Un vent de conte souffle sur les montagnes mordorées de Tanzanie. Derrière ces collines que l’aube vient draper d’un voile violet, vivent des hommes blancs, dans leurs habits de fer. Des monstres qui n’ont besoin ni de nourriture, ni d’eau, ni de sommeil et que seul un coup de poignard sous l’aisselle gauche peut terrasser. Le monde de Yusuf regorge de loups-garous, de serpents et de goules, de femmes qu’on ne peut voir et d’autres protégées par un charme contre l’eau et les animaux. Autant de mythes qu’il n’en faut pour donner un sens à la violence de l’Histoire. Comme partout en Afrique, les richesses naturelles de la Tanzanie du XXème siècle exaspèrent les convoitises, d’abord celles des commerçants arabes puis celles des colons allemands.

Au milieu de ce capharnaüm géopolitique, un enfant. Un amateur de kipande qui croit que les bébés naissent dans les pénis et qui n’est jamais aussi heureux qu’en la présence de l’Oncle Aziz. Quand le marchand à l’honorable réputation débarque, escorté par ses musiciens et ses porteurs, embaumant l’air d’un parfum de cuir et d’épices, la famille de Yusuf l’accueille toujours avec la déférence qui convient à un homme de son rang. Le repas du soir d’habitude si peu satisfaisant se transforme en un festin dont même l’estomac le plus affamé ne pourrait venir à bout. On lui réserve le meilleur riz de Peshawar, des petits pains aux aromates et des épinards en sauce. Et avant de partir, il ne manque jamais de glisser, comme un secret, dans la menotte de Yusuf un petit sou, qui, pour l’enfant, représente une véritable fortune. Mais, un après-midi, de ceux qui font couler les larmes d’une mère, cet oncle qui n’en est pas un, s’est défait de sa splendeur. « Tu aimes bien les trains, n’est-ce pas ? » lui avait demandé son père. Et avant même d’avoir compris ce qu’il lui arrivait, Yusuf était devenu la propriété d’Aziz, le remboursement d’une dette familiale.

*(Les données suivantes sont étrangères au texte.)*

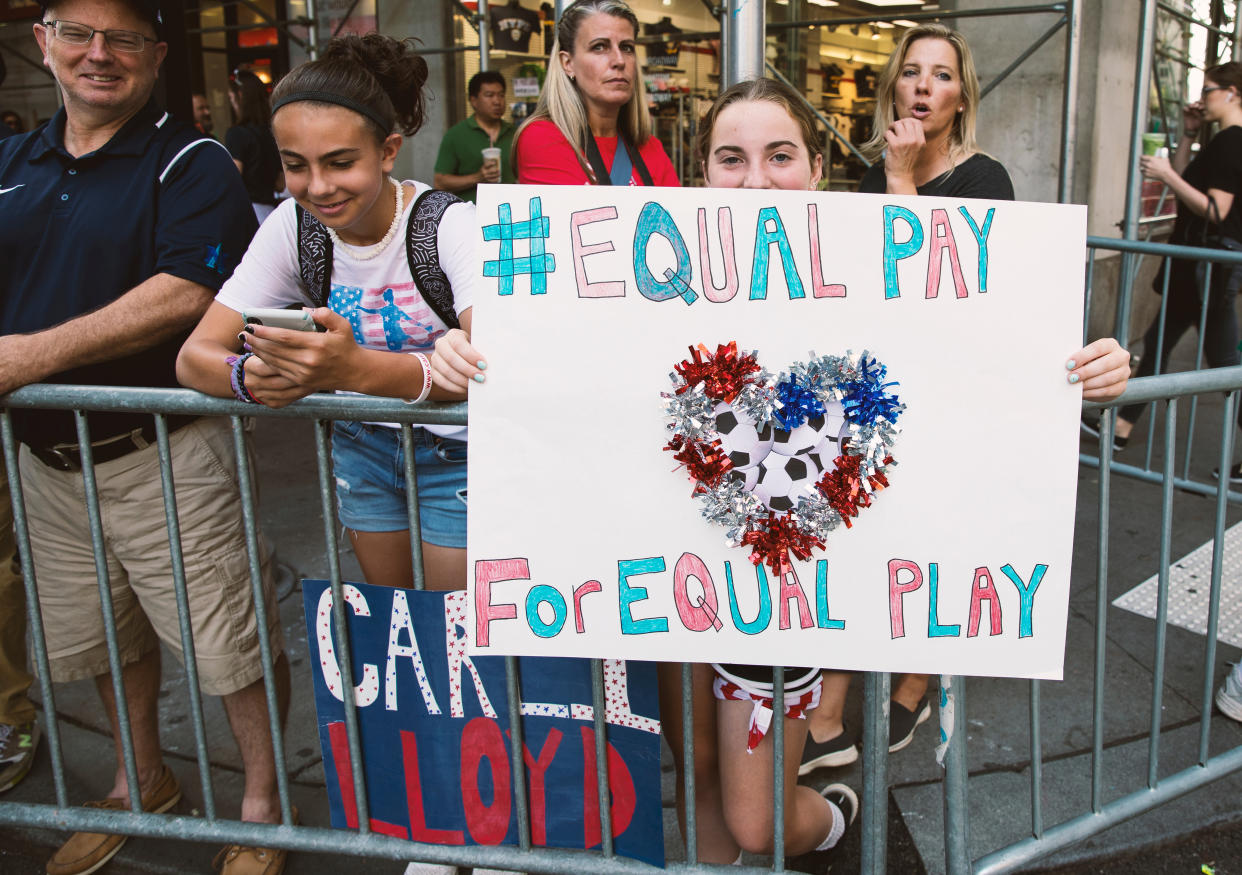 Soccer: USWNT Women's World Cup Parade: Young fan holding up sign that reads EQUAL PAY FOR EQUAL PAY while watching parade going through Canyon of Heroes route. New York, NY 7/10/2019 CREDIT: Taylor Ballantyne (Photo by Taylor Ballantyne /Sports Illustrated/Getty Images) (Set Number: X162758 TK1 )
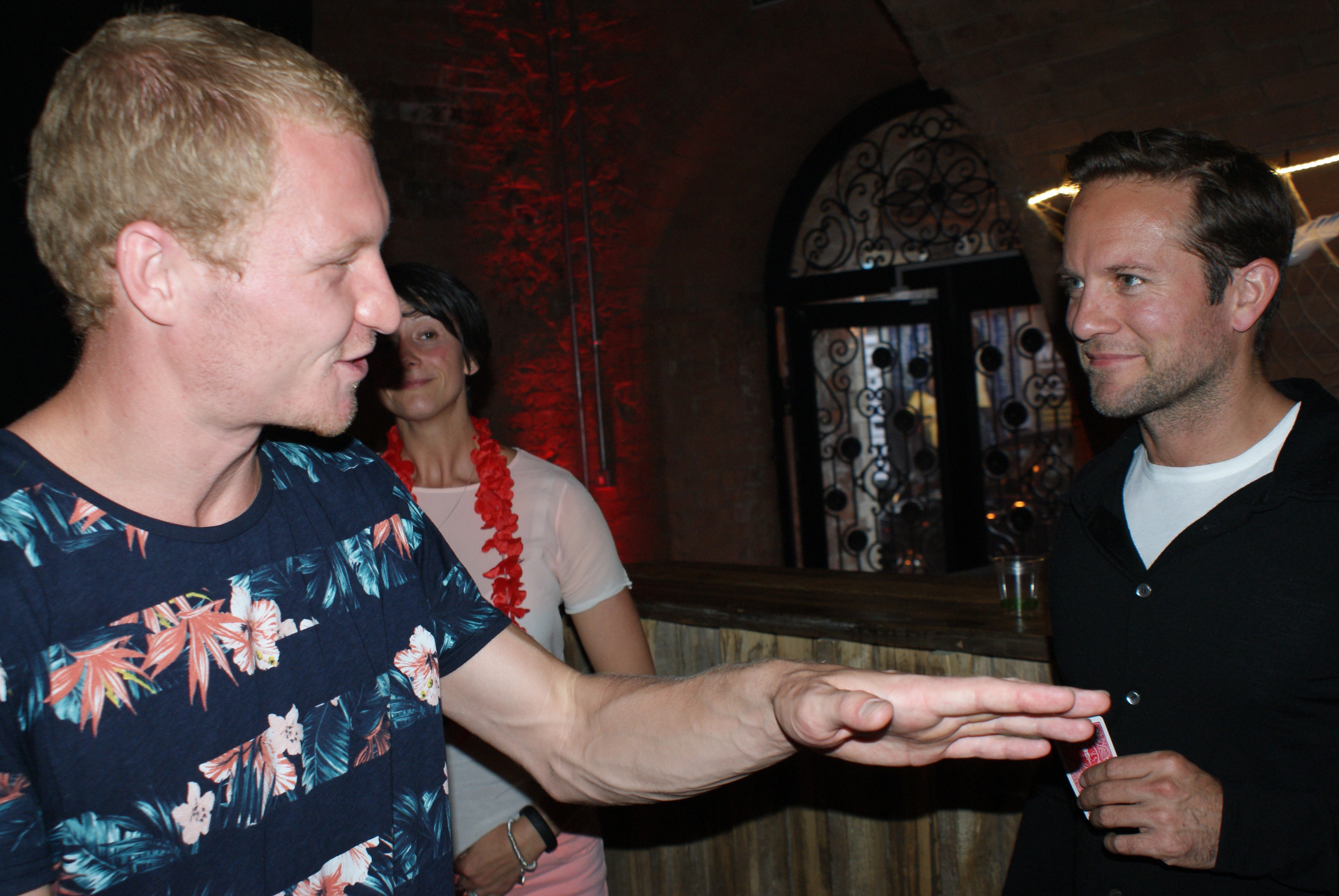Street Magician Liam Walsh performing close up magic for Virgin Media Party in London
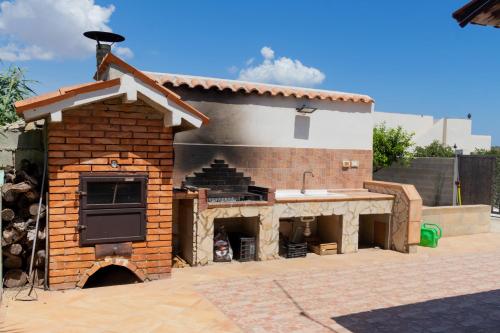 a model of a house with a brick oven at Amaris Mango Seafront Villa in Granelli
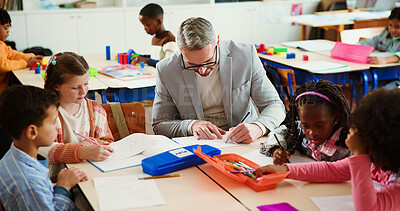 Buy stock photo Education, man and teacher with children, classroom or knowledge for growth, development or writing. School, educator and person with assignment for kids, learning and curriculum in elementary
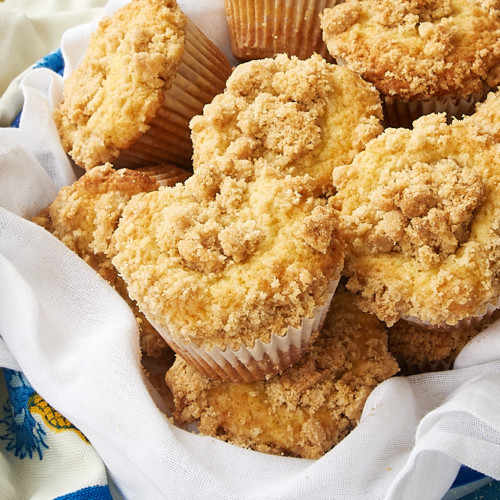 Vanilla crumb muffins in white paper liners on a dark surface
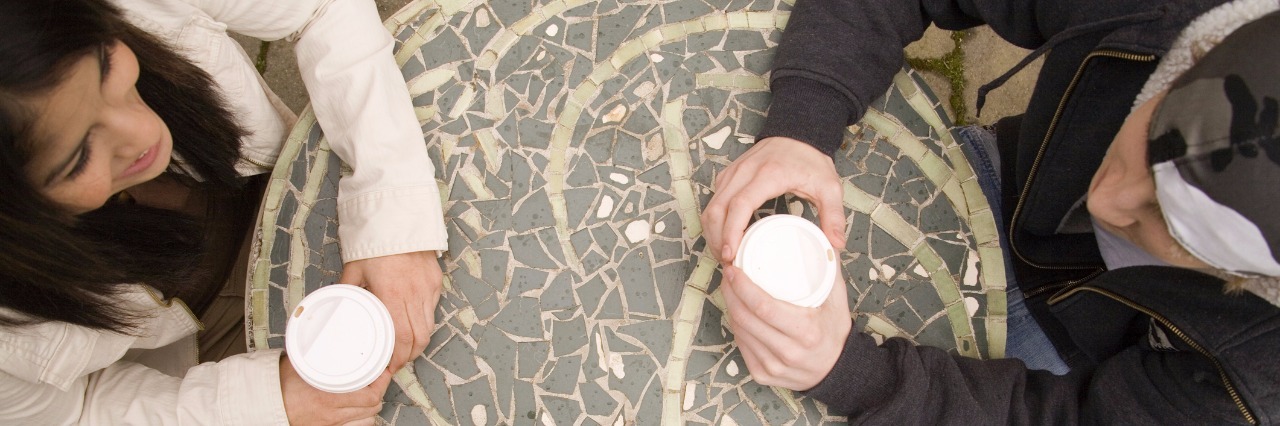 High angle view of a young couple holding cups of cappuccino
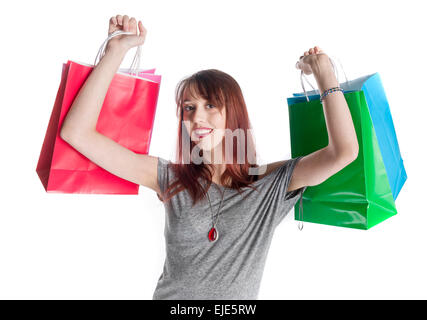 Young Woman Holding Colorful Shopping Bags Stock Photo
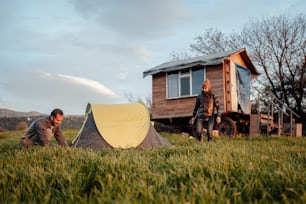 a man and a woman setting up a tent in a field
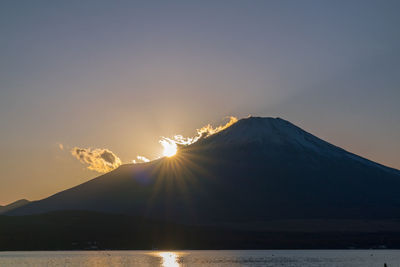 Scenic view of volcanic mountain against sky during sunset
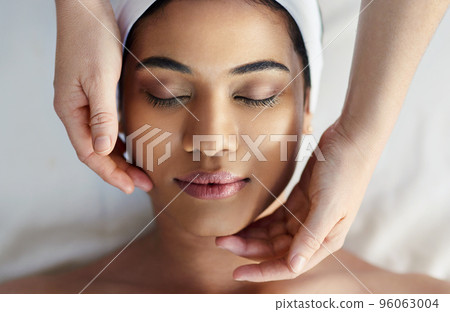 We give all our clients the special treatment. Shot of a young woman getting a facial treatment at a spa. 96063004
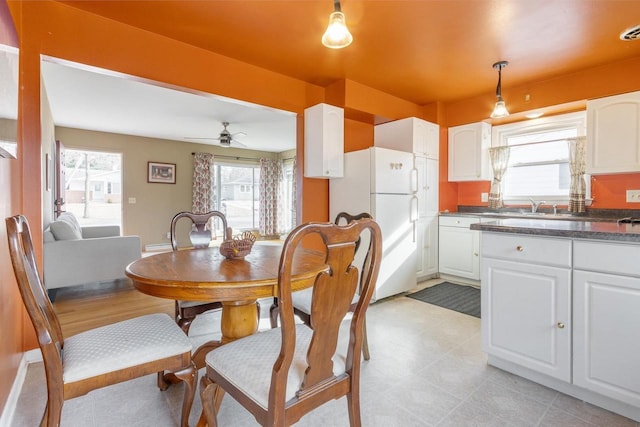 dining space featuring a healthy amount of sunlight, sink, and ceiling fan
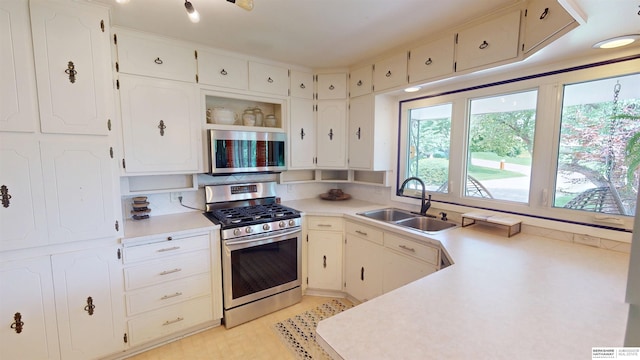 7923 Harney St, Omaha, NE 68114 - kitchen featuring stainless steel appliances, light countertops, white cabinetry, and open shelves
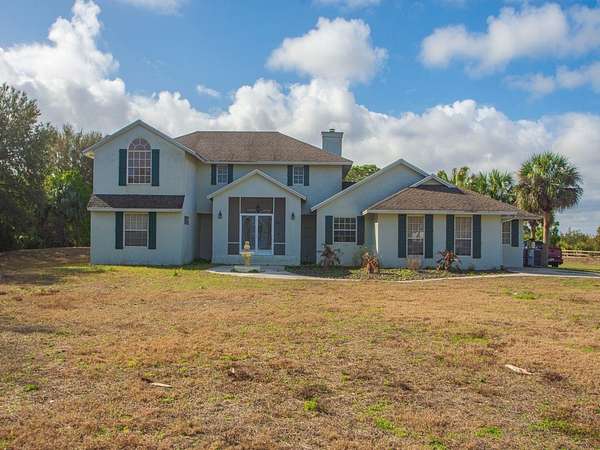 2.5 Acres of Land with Home for Sale in Palm Bay, Florida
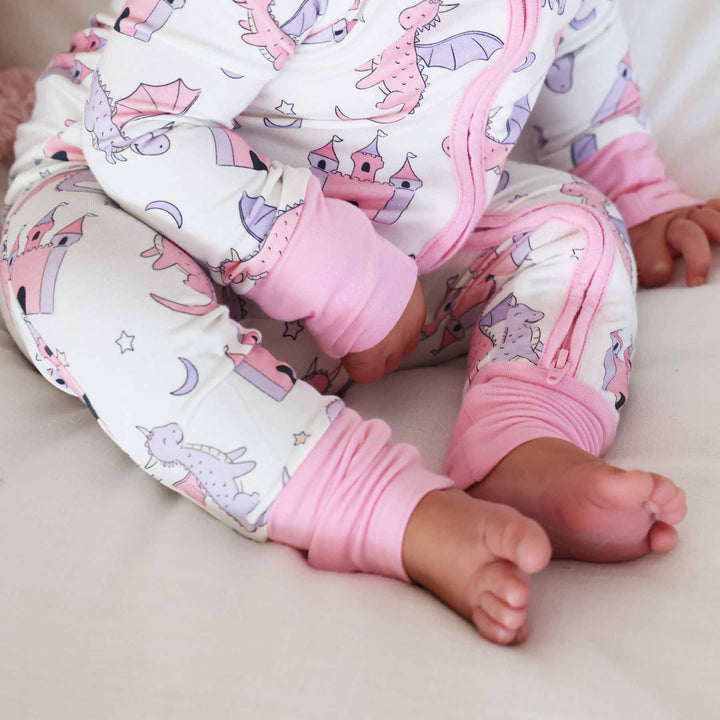 pink trim dragon adventure dragon and castle zip romper pajama for baby and toddler girls 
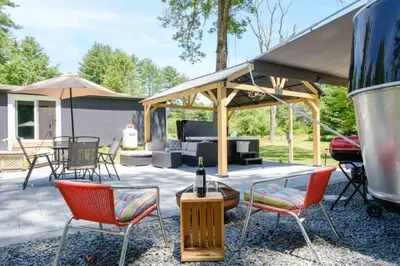 a patio with chairs and a table and a grill at Gilded Cage Escapes - Hidden Playroom For Couples - Private Hot Tub - Mountain Views - Riverfront in Lackawaxen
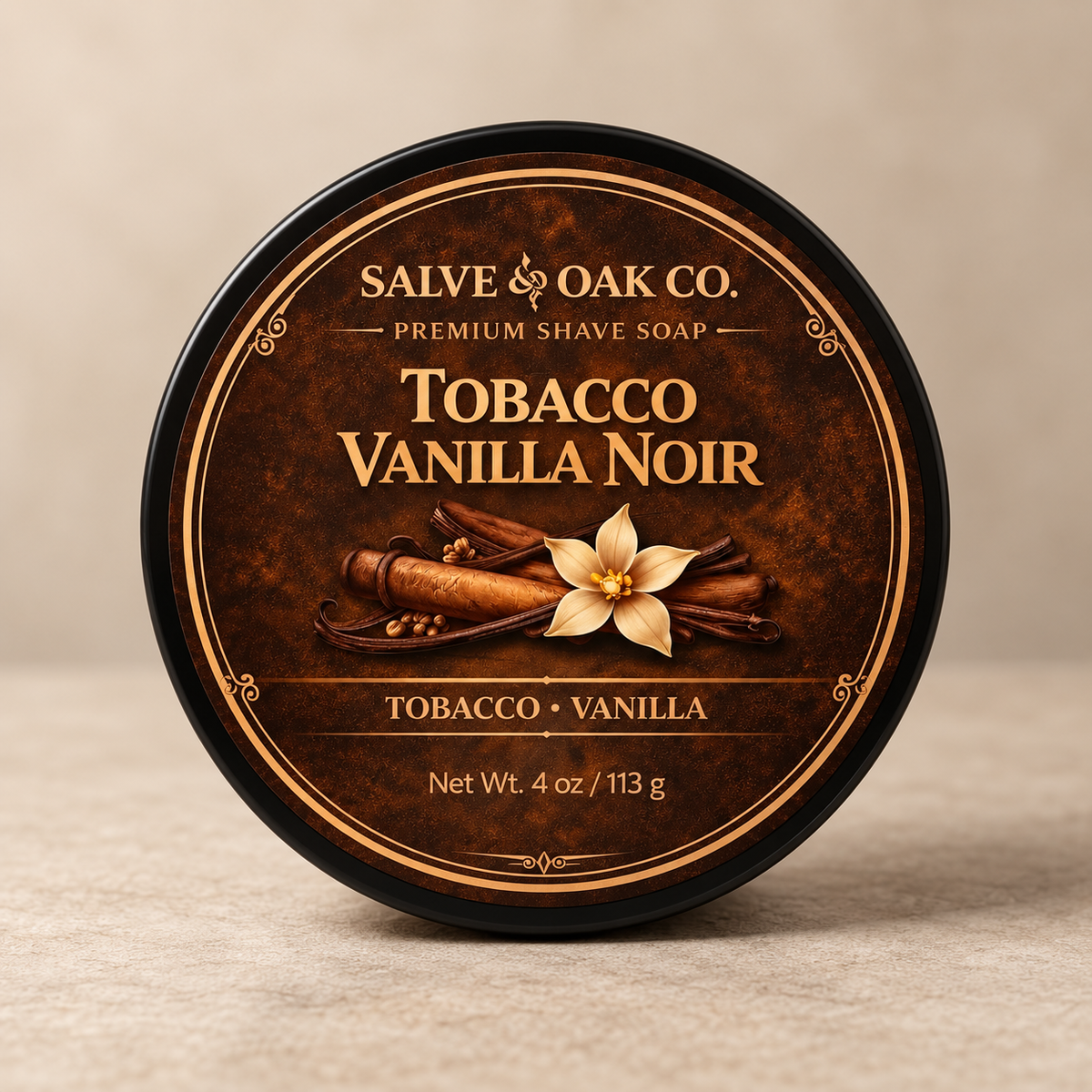 Tobacco Vanilla Noir premium shave soap by Salve & Oak Co. in a black tub with tobacco and vanilla label artwork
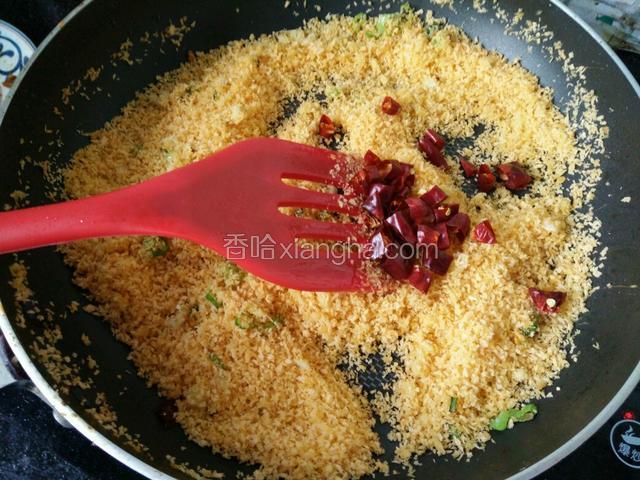 接着把面包糠和干辣椒放进去，继续炒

L’univers d’Abdulrazak Gurnah, qui lui a valu le prix Nobel de littérature en 2021, se trouve à la lisière de la fable, dans cet espace où la réalité se mystifie et s’adoucit sans s’altérer, où, pour reprendre les termes de l’Académie suédoise, prend forme une littérature « empathique et sans compromis des effets du colonialisme et du destin des réfugiés pris entre les cultures et les continents ». Il désapprouve sans condamner. Il raconte l’horreur avec des doigts de fée. Yusuf n’est pas Cendrillon. Son geôlier n’est pas sa marâtre. Il dort à l’extérieur, avec les chiens, mais le jour, il profite des mille senteurs d’un jardin tout de fleurs et de fruits. Il mange à sa faim pour devenir le garçon robuste qui, plus tard, accompagnera le Seyyid dans ses longues expéditions commerciales, à la conquête d’une Afrique Orientale burinée de légendes et de traditions. De légendaire, Paradis n’a pas que sa narration. Il y a aussi l’histoire derrière l’histoire, celle d’un écrivain plus connu pour ses recherches universitaires sur le post-colonialisme que pour ses romans à peine édités en français et depuis belle lurette introuvables, qui se voit, non sans surprise, distingué d’une des plus belles récompenses internationales pour son œuvre littéraire.